Lucie Reisinger

Vierfaches Flutrisiko

Aus der Forschung — Eine ETH-Studie prognostiziert mögliche Katastrophen-Szenarien.

21. September 2022

In Pakistan herrscht seit Mitte Juni ein ungewohnt starker Monsunregen, der Flüsse anschwellen lässt, die ein Drittel des Landes überschwemmt haben, eine Fläche grösser als Neuseeland. Bilder von Menschen, welche auf Bettgestellen von reissenden Fluten mitgerissen werden, gehen um die Welt. 33 Millionen Menschen sind betroffen, über tausend sind gestorben und 500'000 Menschen sind in temporären Lagern, da die Fluten sie aus ihren Häusern vertrieben haben. 

Pakistans Klimaministerin Sherry Rehman sagt, dass dies nicht mehr der normale Monsun sei, sondern «eine Klimadystopie vor unserer Haustür». In der Öffentlichkeit werden dementsprechend folgende Fragen diskutiert: Inwiefern ist der Klimawandel verantwortlich für diese gesellschaftliche Katastrophe? Werden solche verheerenden Ereignisse in Zukunft zunehmen? 
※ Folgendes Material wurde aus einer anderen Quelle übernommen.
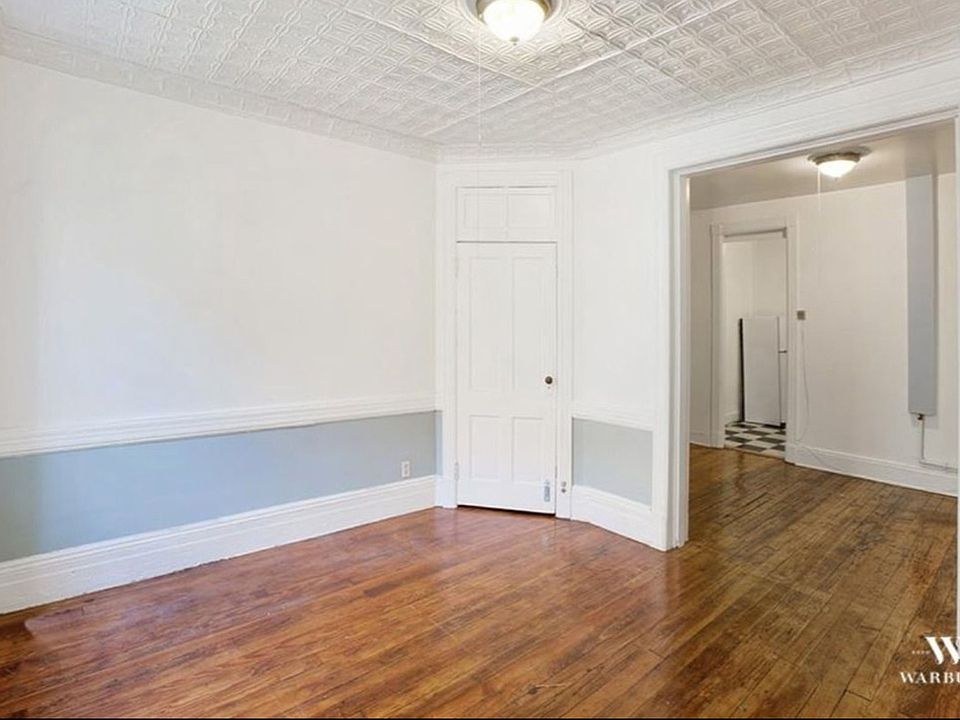 2nd image of 232 E 26th St APT 12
Prognose anhand Gesellschaftsentwicklung

Ein internationales Forschungsteam unter der Führung der Professur für Wetter und Klimarisiken der ETH Zürich hat im letzten Jahr eine Studie zu Vertreibungsrisiken aufgrund von Fluten veröffentlicht. Frühere Studien haben mit ähnlichen Modellen bereits versucht, den Effekt von Fluten anhand von materiellem Verlust einzuschätzen. Die ETH-Studie ist die erste, welche sich auf die Vertreibung von Menschen aus ihren Häusern fokussiert. Das globale Vertreibungsrisiko wird anhand von Modellen abgeschätzt, welche den Klimawandel und sozioökonomische Fakten miteinbezieht. 
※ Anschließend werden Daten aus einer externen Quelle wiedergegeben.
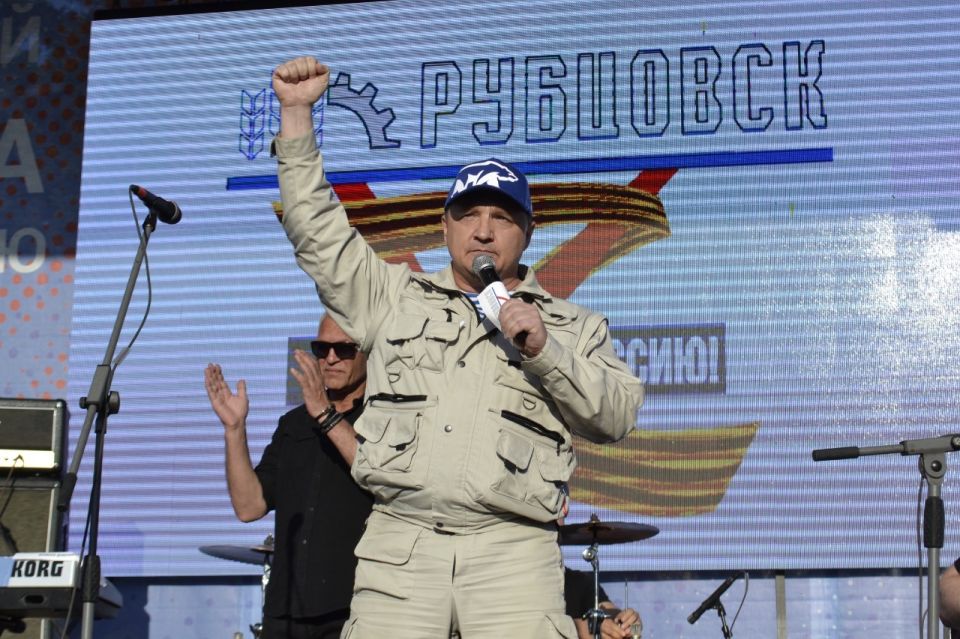 Игорь Левин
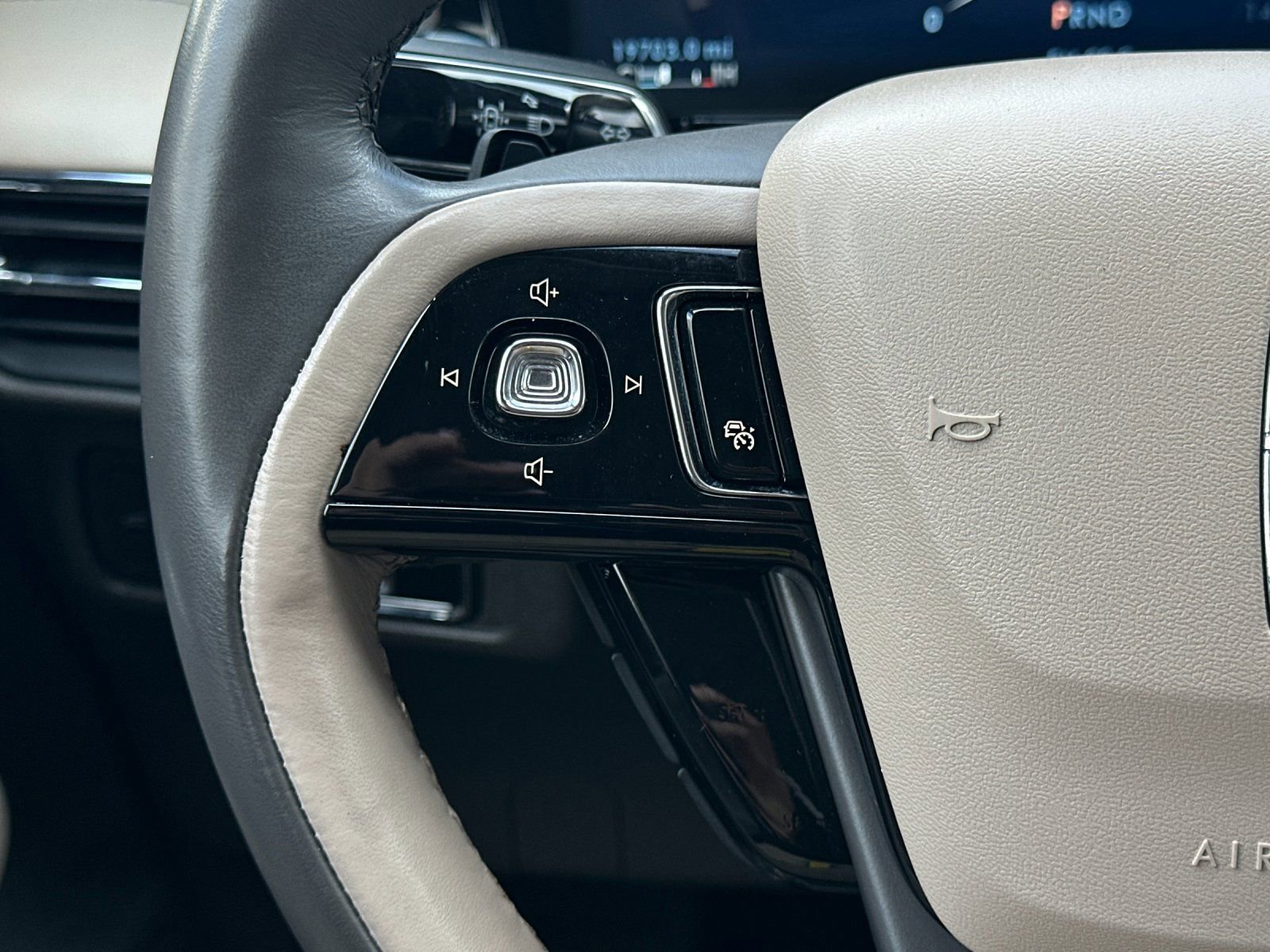 Used 2023 Lincoln Corsair Reserve w/ Equipment Group 201A image 27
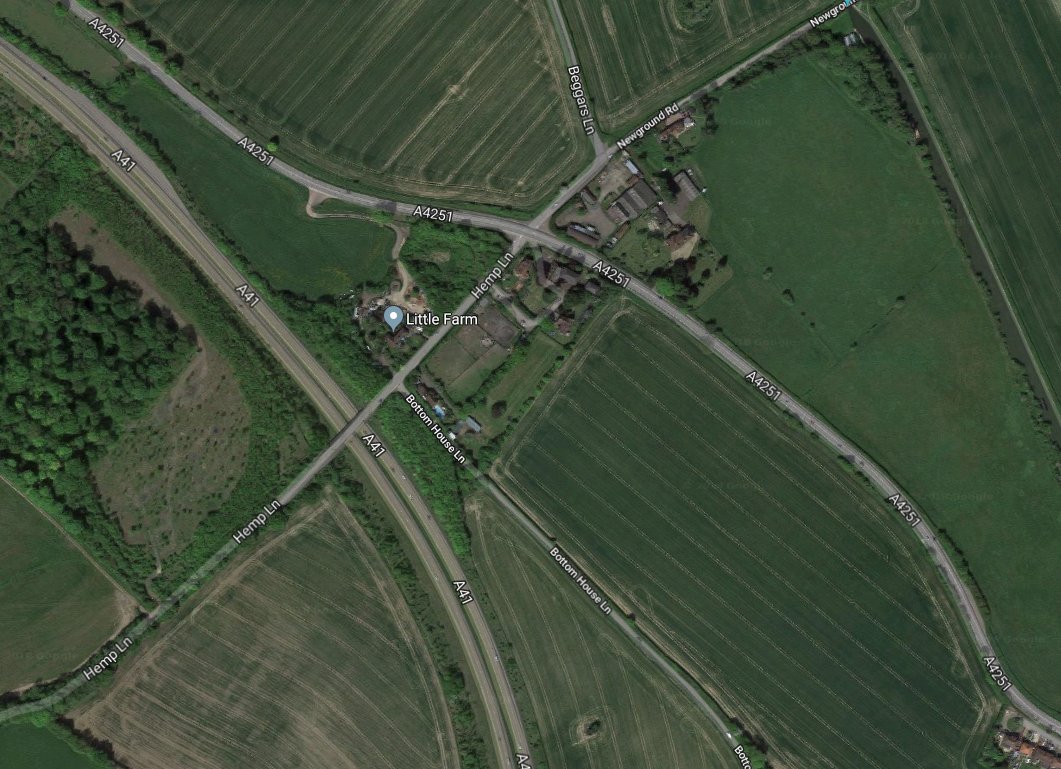 1301 <a href="/tring_fire/">Tring Fire Station</a> attended a small fire in scrubland off of Hemp lane, Wigginton - Crews used one hosereel to extinguish 🚒 #allcallsstartwithcontrol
Die Studie zeigt, dass diese modellierten Risiken stark mit der Entwicklung der Treibhausgasemissionen und den sozioökonomischen Verhältnissen weltweit zusammenhängen. Dabei werden letztere  anhand der sogenannten SSPs (shared socioeconomic pathways) auf die Zukunft projiziert. Das sind verschiedene Szenarien davon, wie sich die Gesellschaft weltweit entwickeln wird. In der Regel wird zwischen fünf SSPs unterschieden: Von SSP1, wo sich die finanzielle Ungleichheit weltweit verkleinert, bis SSP5, wo die Ungleichheit weltweit deutlich wächst. 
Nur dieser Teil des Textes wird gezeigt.